How much of fuel prices is tax?
- There are two components to the domestic retail price — the price of crude oil itself, and the taxes levied on this basic price. Together they make up the retail price.
- The taxes vary from one product to another.
- For instance, as of now, taxes account for 50% of the total retail price for a litre of petrol, and 44% for a litre of diesel.
What are oil bonds? Why were they issued?
- When fuel prices were too high for domestic consumers, governments in the past often asked oil marketing companies (OMCs) to avoid charging consumers the full price.
- But if oil companies don’t get paid, they would become unprofitable. To address this, the government said it would pay the difference. But again, if the government paid that amount in cash, it would have been pointless, because then the government would have had to tax the same people to collect the money to pay the OMCs.
- This is where oil bonds come in.
- An oil bond is an IOU, or a promissory note issued by the government to the OMCs, in lieu of cash that the government would have given them so that these companies don’t charge the public the full price of fuel.
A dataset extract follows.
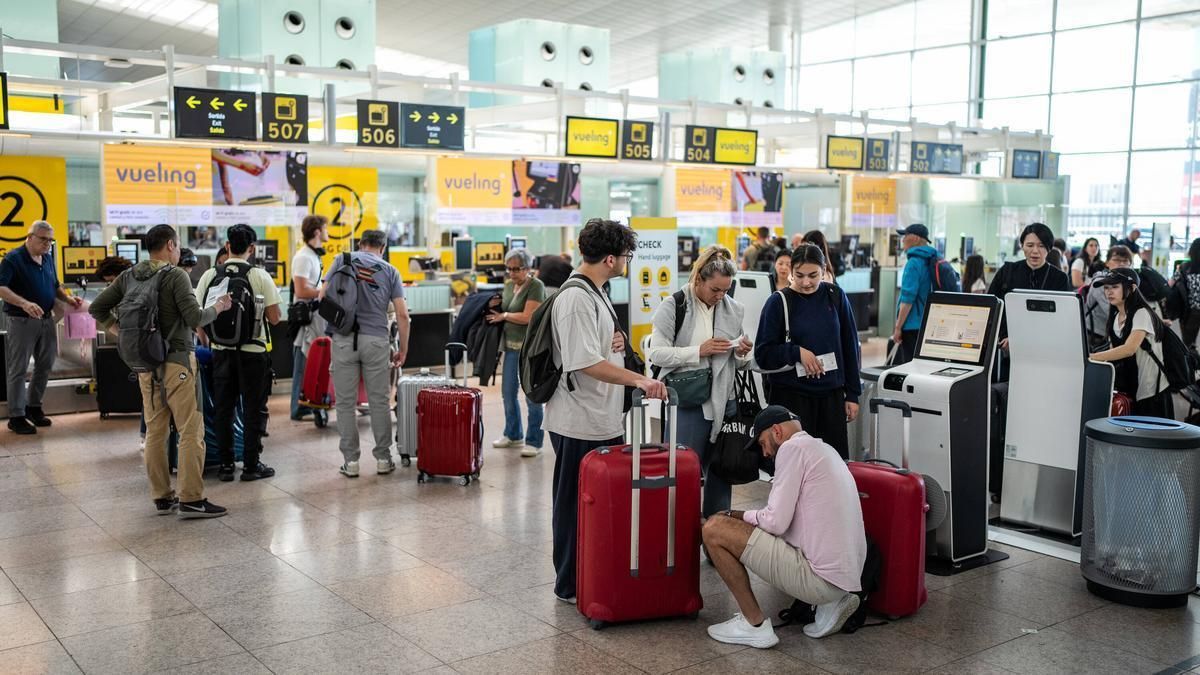 Viatgers amb maletes a l'aeroport del Prat, en una imatge d'arxiu.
- By issuing such oil bonds, the government of the day is able to protect/ subsidise the consumers without either ruining the profitability of the OMC or running a huge budget deficit itself.
- There are two components of oil bonds that need to be paid off:
- the annual interest payment, and
- the final payment at the end of the bond’s tenure.
- By issuing such bonds, a government can defer the full payment by 5 or 10 or 20 years, and in the interim just pay the interest costs.